#### [WHAT TO PRODUCE]
What you write should match, word for word, the lines from the one containing "Đoàn thanh tra" through the end of the data, with no pictures.

#### [DATA SECTION]

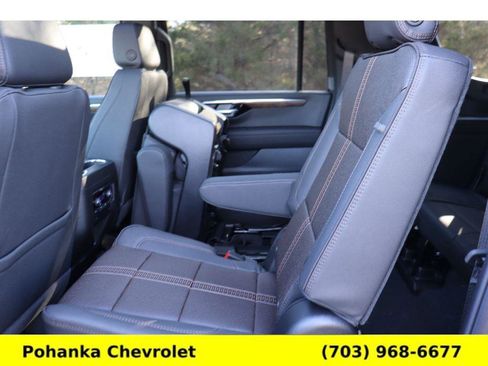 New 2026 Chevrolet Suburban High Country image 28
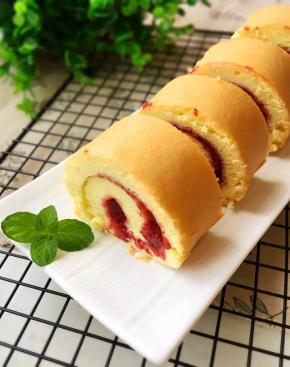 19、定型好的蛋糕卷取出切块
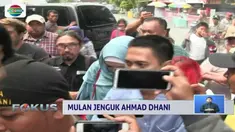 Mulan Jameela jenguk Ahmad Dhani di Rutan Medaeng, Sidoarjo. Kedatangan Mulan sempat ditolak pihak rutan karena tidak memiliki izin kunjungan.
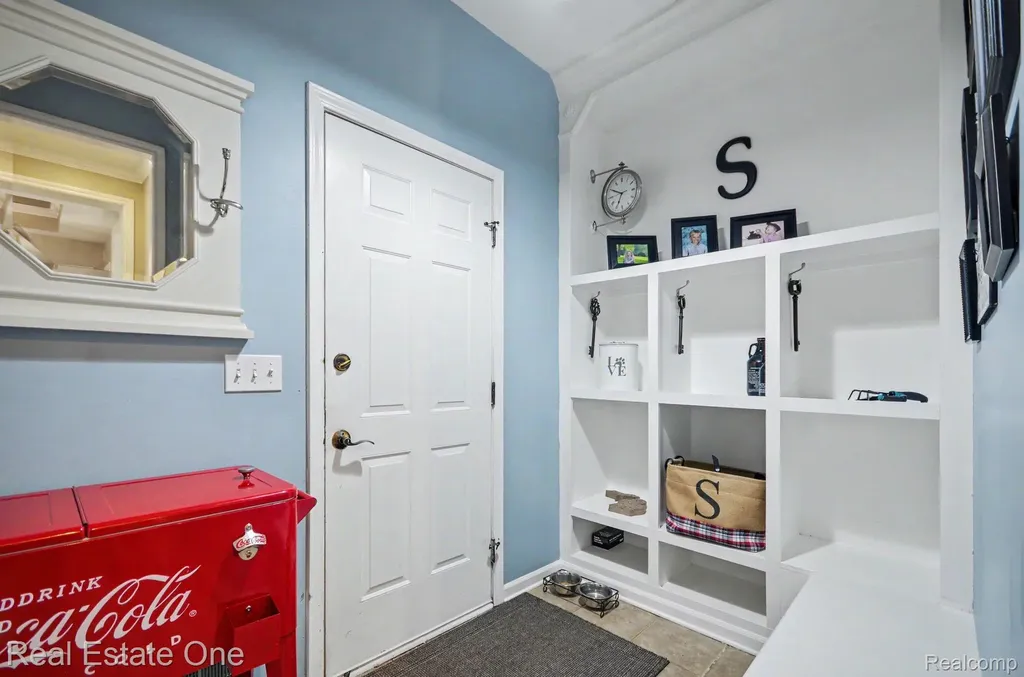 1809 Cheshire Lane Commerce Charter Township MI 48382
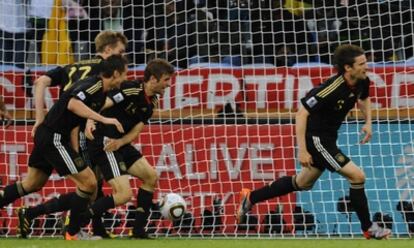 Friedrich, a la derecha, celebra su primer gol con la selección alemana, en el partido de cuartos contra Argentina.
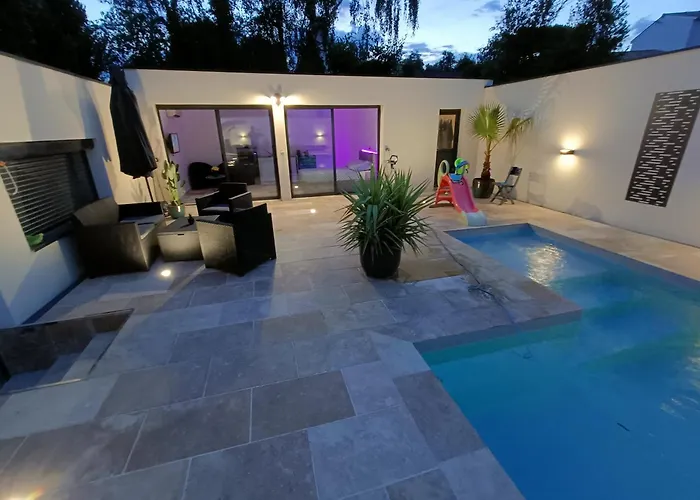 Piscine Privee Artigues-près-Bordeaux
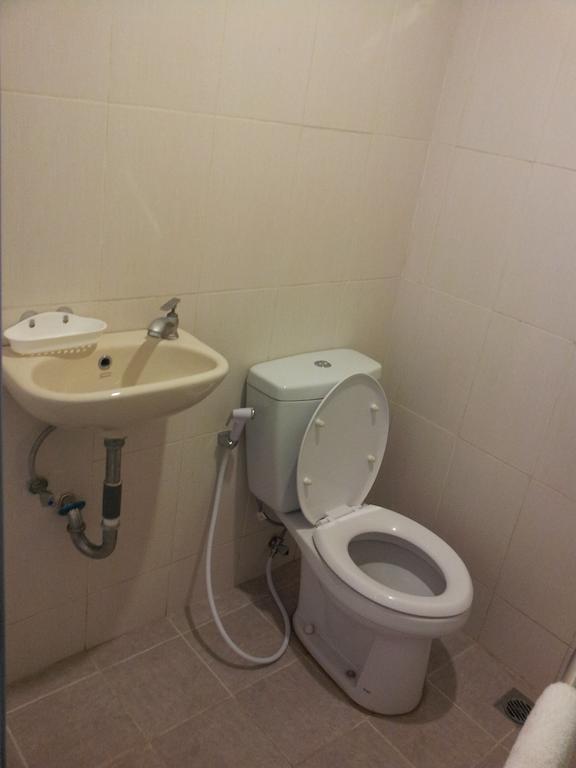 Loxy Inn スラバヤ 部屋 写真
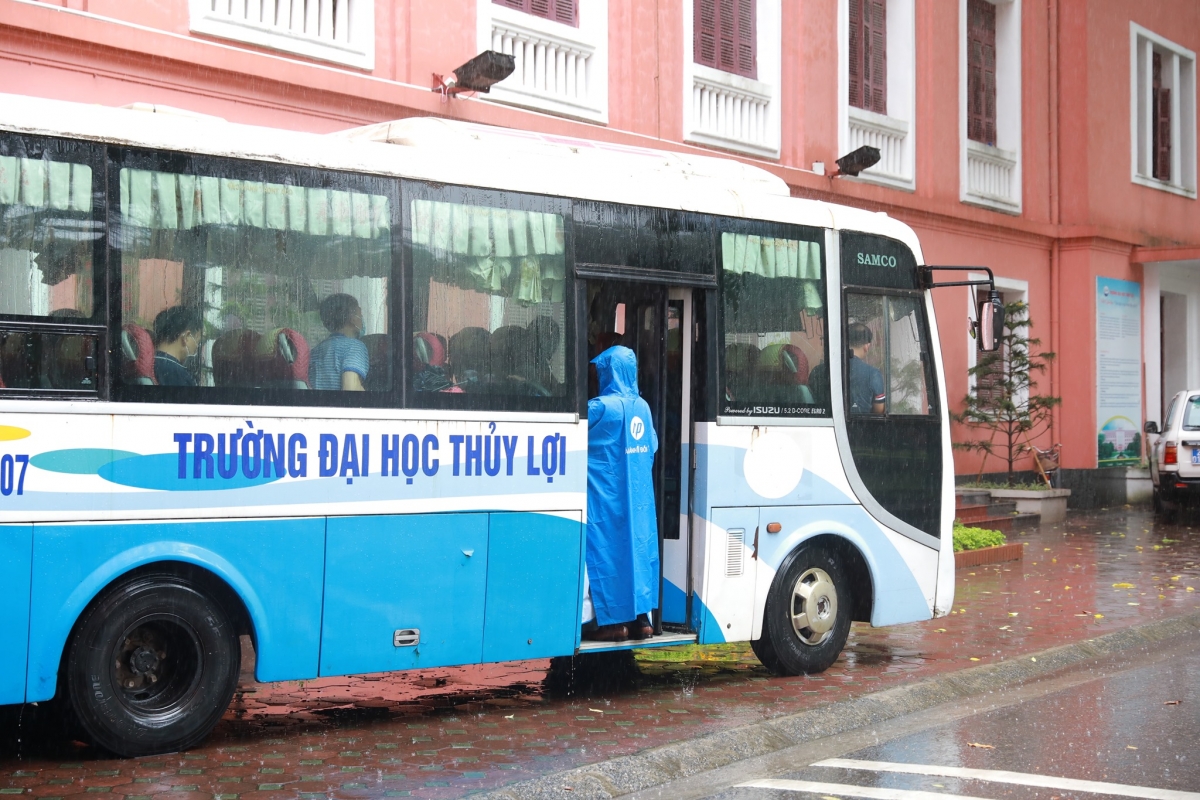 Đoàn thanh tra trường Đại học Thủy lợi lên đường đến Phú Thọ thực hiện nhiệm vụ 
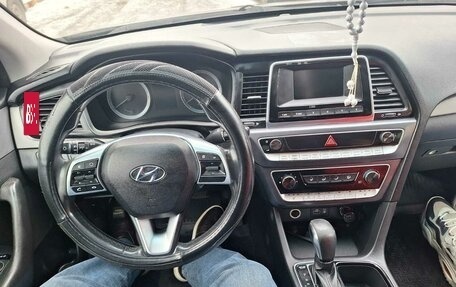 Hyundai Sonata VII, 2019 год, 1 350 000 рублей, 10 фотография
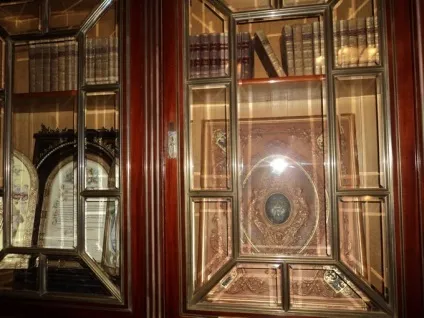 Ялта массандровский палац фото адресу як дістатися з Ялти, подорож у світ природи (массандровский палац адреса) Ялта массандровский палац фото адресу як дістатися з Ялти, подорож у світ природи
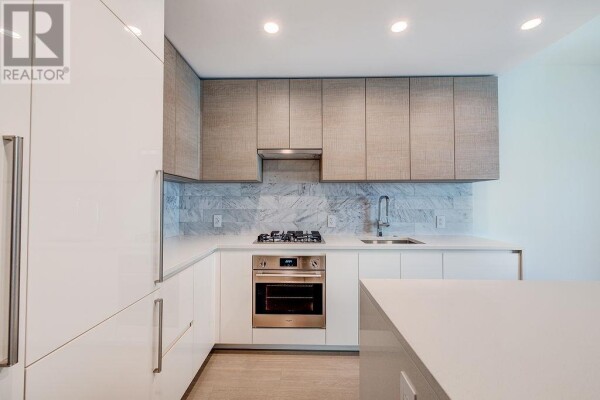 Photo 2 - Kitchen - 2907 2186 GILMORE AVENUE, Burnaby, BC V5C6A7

#### [EXERCISE SOLUTION]
 Đoàn thanh tra trường Đại học Thủy lợi lên đường đến Phú Thọ thực hiện nhiệm vụ 
 Hyundai Sonata VII, 2019 год, 1 350 000 рублей, 10 фотография
 Ялта массандровский палац фото адресу як дістатися з Ялти, подорож у світ природи (массандровский палац адреса) Ялта массандровский палац фото адресу як дістатися з Ялти, подорож у світ природи
 Photo 2 - Kitchen - 2907 2186 GILMORE AVENUE, Burnaby, BC V5C6A7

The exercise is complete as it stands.